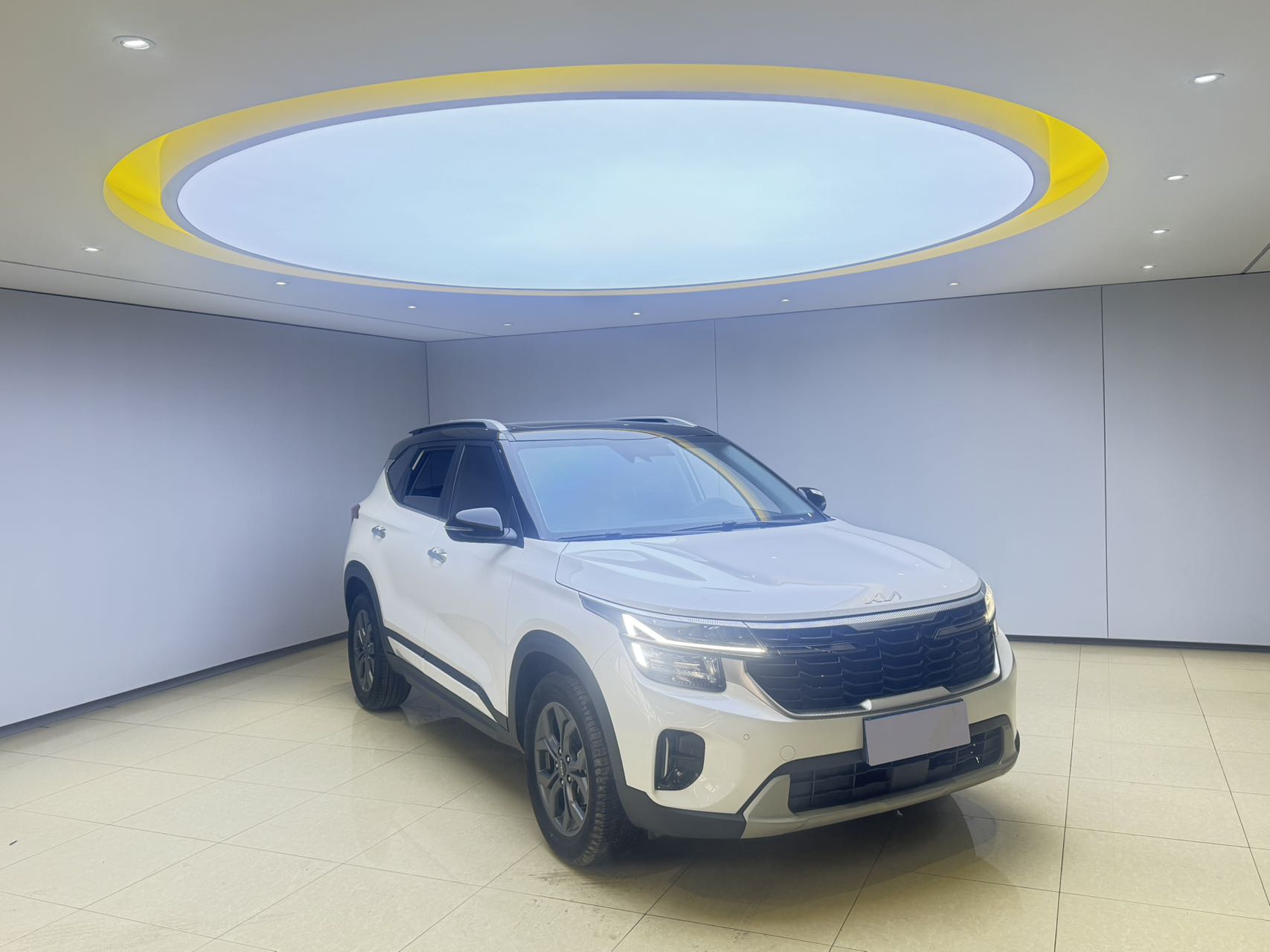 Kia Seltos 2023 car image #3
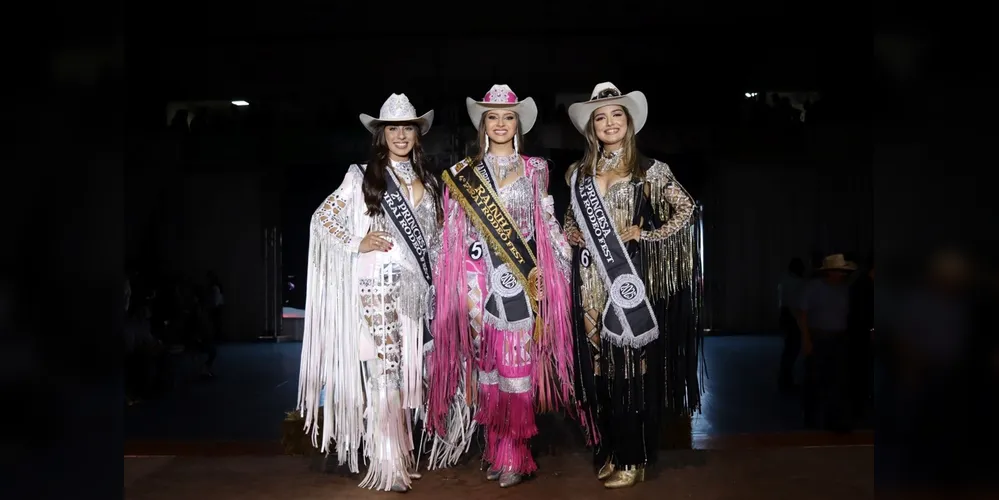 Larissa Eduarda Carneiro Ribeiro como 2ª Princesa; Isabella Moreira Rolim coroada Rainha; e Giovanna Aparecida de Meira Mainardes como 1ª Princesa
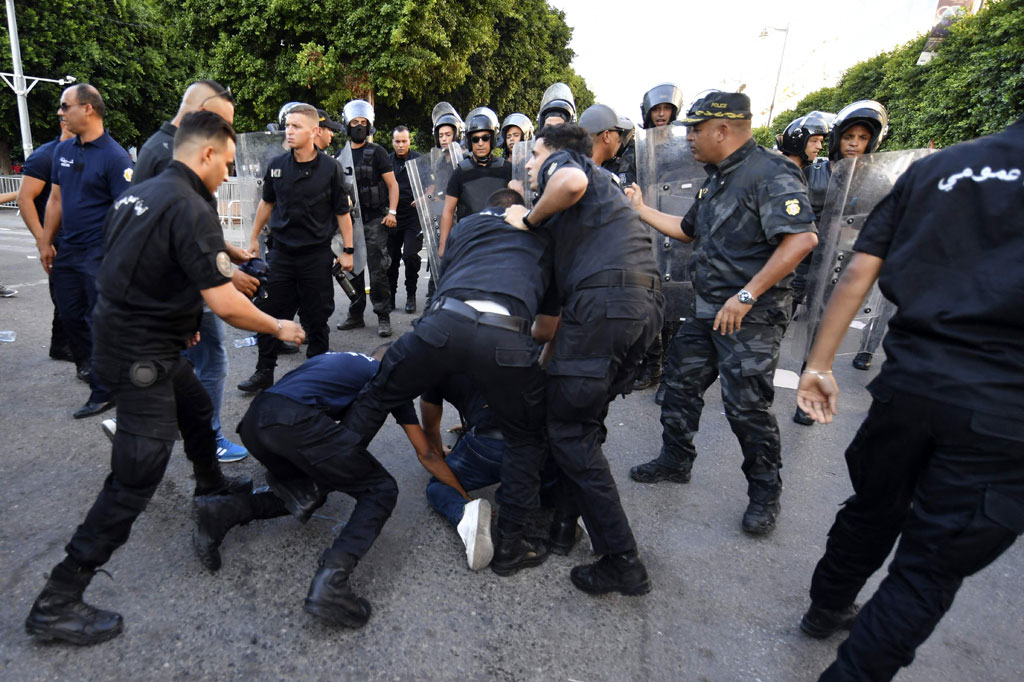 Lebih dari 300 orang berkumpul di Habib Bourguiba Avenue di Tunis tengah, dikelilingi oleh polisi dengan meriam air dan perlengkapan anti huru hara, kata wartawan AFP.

※ ※ ※

- _Problem details_
Repeat the material above word for word; no images go in the copy.

- _Your solution_
 Kia Seltos 2023 car image #3
 Larissa Eduarda Carneiro Ribeiro como 2ª Princesa; Isabella Moreira Rolim coroada Rainha; e Giovanna Aparecida de Meira Mainardes como 1ª Princesa
 Lebih dari 300 orang berkumpul di Habib Bourguiba Avenue di Tunis tengah, dikelilingi oleh polisi dengan meriam air dan perlengkapan anti huru hara, kata wartawan AFP.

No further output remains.